XIII.2 Reconstruction in the Event of Damage or Destruction Covered by
Insurance.
(a) Facility Rendered Unsuitable for Its Primary Intended Use. Except
as provided in Section 13.7, if during the Term, the Facility is totally or
partially destroyed from a risk covered by the
16
insurance described in Article XII and the Facility thereby is rendered
Unsuitable for its Primary Intended Use, such damage or destruction shall not
terminate this Lease and all of Lessee's obligations with respect to payment of
the Rent shall continue in full force and effect and shall not be affected
thereby and Lessee shall either:
(i) apply all proceeds payable with respect thereto to restore
the Facility to substantially the same condition as existed immediately
prior to such damage or destruction, or
(ii) offer either (A) to acquire the Leased Property from
Lessor for a purchase price equal to the Minimum Purchase Amount of the
Leased Property immediately prior to such damage or destruction or (B)
to substitute a new property or properties for the Leased Property
pursuant to and in accordance with the provisions of Article XX (which
offers Lessor may in its sole discretion refuse).
Lessee shall give written notice to Lessor within 60 days after the date of such
damage or destruction whether Lessee chooses option (i) or option (ii), and if
option (ii) is chosen, such notice shall be accompanied by the offer referred to
therein.
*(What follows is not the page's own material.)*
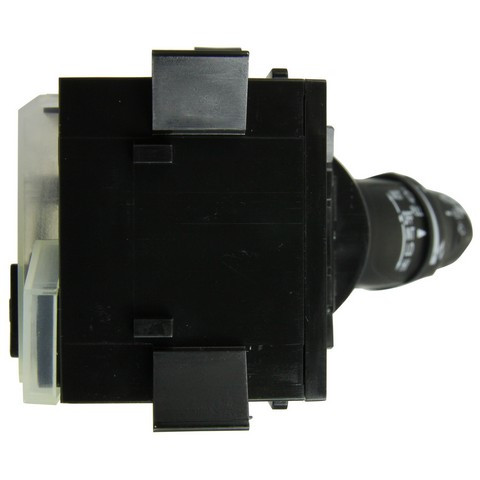 Windshield Wiper Switch fits 2014-2016 Acura MDX  WVE BY NTK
In the event Lessee fails to give such notice or does not make an offer
under option (ii), Lessee shall promptly proceed to restore the Facility to
substantially the same condition as existed immediately prior to the damage or
destruction. If Lessor does not accept Lessee's offer to substitute for or
purchase the Leased Property within 30 days after the date of such offer,
Lessee's offer shall be deemed withdrawn on such 30th day and Lessee shall
promptly proceed to restore the Facility to substantially the same condition as
existed immediately prior to such damage for destruction.
(b) Facility Not Rendered Unsuitable for Its Primary Intended Use.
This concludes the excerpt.